Transforming cities: transport and infrastructure

Never has there been a better time for government to borrow money to fund or underwrite development risk, matched by an asset that has a future value: Sir David Higgins

"Our cities face enormous changes from climate, migration, security, ageing and technology but never has there been a better time for government to borrow money to fund or underwrite development risk, matched by an asset that has a future value,” High Speed 2 Executive Chairman, Sir David Higgins has told a CEDA audience in Brisbane.

Visiting from the United Kingdom, Sir David spoke of the challenges facing many cities today in a post-GFC economy, as well as the trends affecting major cities over the coming decades and the planning needed to overcome these obstacles for sufficient growth.

“The world’s populations are moving to cities attracted by job opportunities, the security and environmental quality of life offered, particularly in the West. This mass migration is now a long term challenge to the ability of our cities to adapt,” he said.

“But cities whose infrastructure struggles to meet the demands of this growth, risk the quality of life.”

Sir David also outlined the importance of investment in infrastructure to attract people with a wide range of skill sets to ensure growth continues positively.

“The real challenge we have in the UK is about an imbalanced economy,” he said.

“If you look at the cost of houses in Birmingham, Leeds and Manchester, the average cost of housing and the average cost of office spacing is one-third of the cost of housing and office space in London.

“You have an entirely distorted, very centralist unitary economy – a thriving city of London; world competitor in financial services and communications, fashion, you name it and then a struggling North where it’s underperforming.

“One of the major reasons of that is due to massive investment in the South and not the North.

“London is the city of eight million people but has a metro area of another eight; so there is 16 million people that live within a one hour journey of the centre of London that can travel by regular train services to London every day.

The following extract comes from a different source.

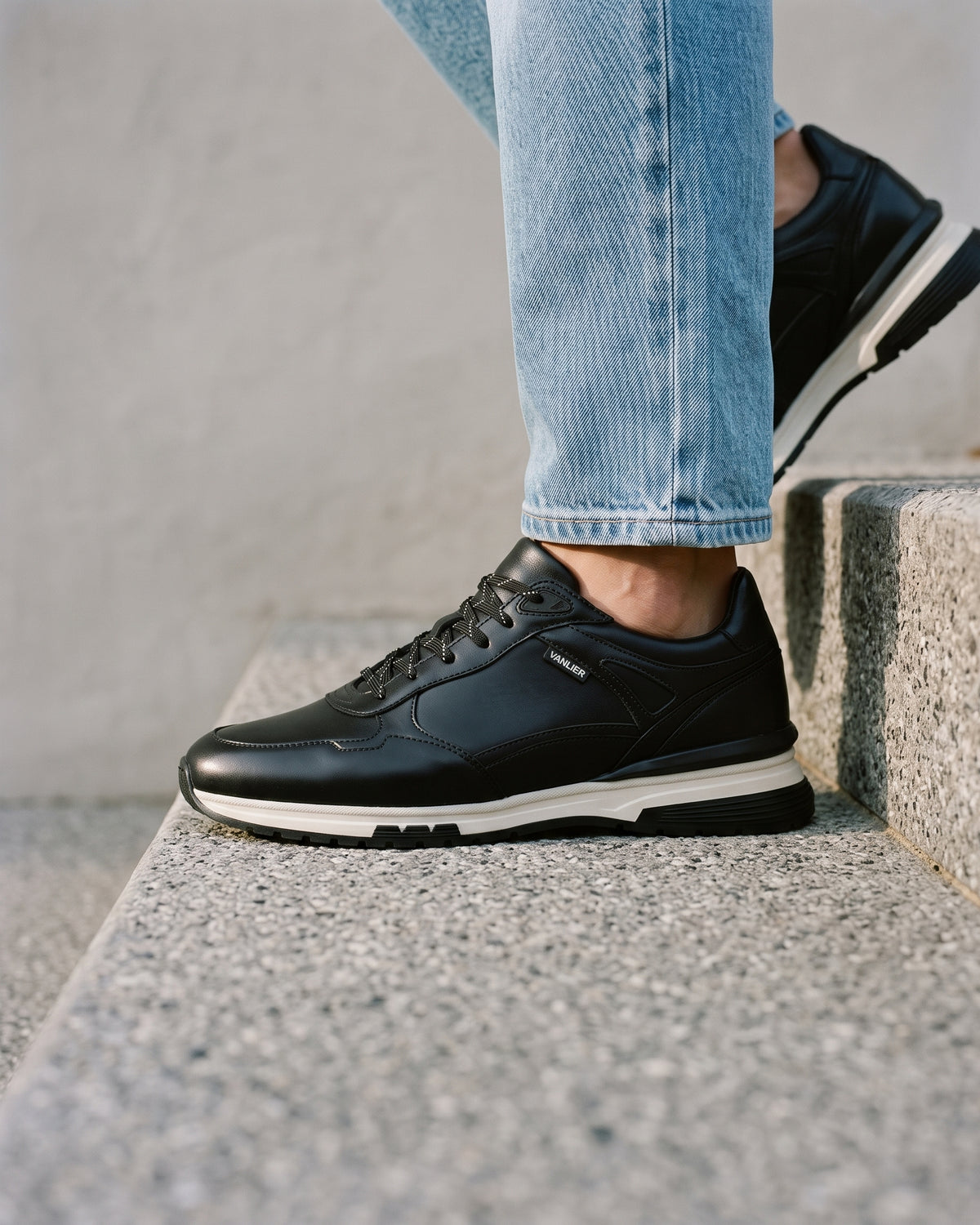 Zwart gladleren Veneto sneaker – close-up van het paar in een betonnen atelier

“North of England, if you take Birmingham, Midlands and Yorkshire, there’s the same 16 million people but there’s no evidence at all of people commuting between those cities for work.

“In fact, if you look at Leeds and Manchester, they’re 35 miles apart (but) less than 0.5 per cent of the population commute every day between those cities. Why? Because the trains are all old converted Leyland buses and there are four every hour.”

Sir David also highlighted the social impacts of solid infrastructure through better housing and transport links.

He used the example of East London, which before the Olympics housed a catchment of one million people with no major shopping centre, department store or quality office buildings.

“While the physical deprivation was obvious the human cost was in some ways worse. A life expectance of six years less than West London residents and long term unemployment, in some cases three generations unemployed in a single family,” he said.

“The foundation for this urban regeneration is public transport. Nine railway lines converge in Stratford including the new Crossrail line which allows people to live here and commute to the city or businesses to relocate and draw skilled people from a wide catchment.

“Today Stratford is a thriving city of 20,000 new jobs and 5000 homes on the Olympic site alone.”

Sir David said that this emphasis on public infrastructure is key to long term prosperity.

“Future generations will look back at this generation and judge whether we left them a legacy of thriving, sustainable and inclusive cities,” he said.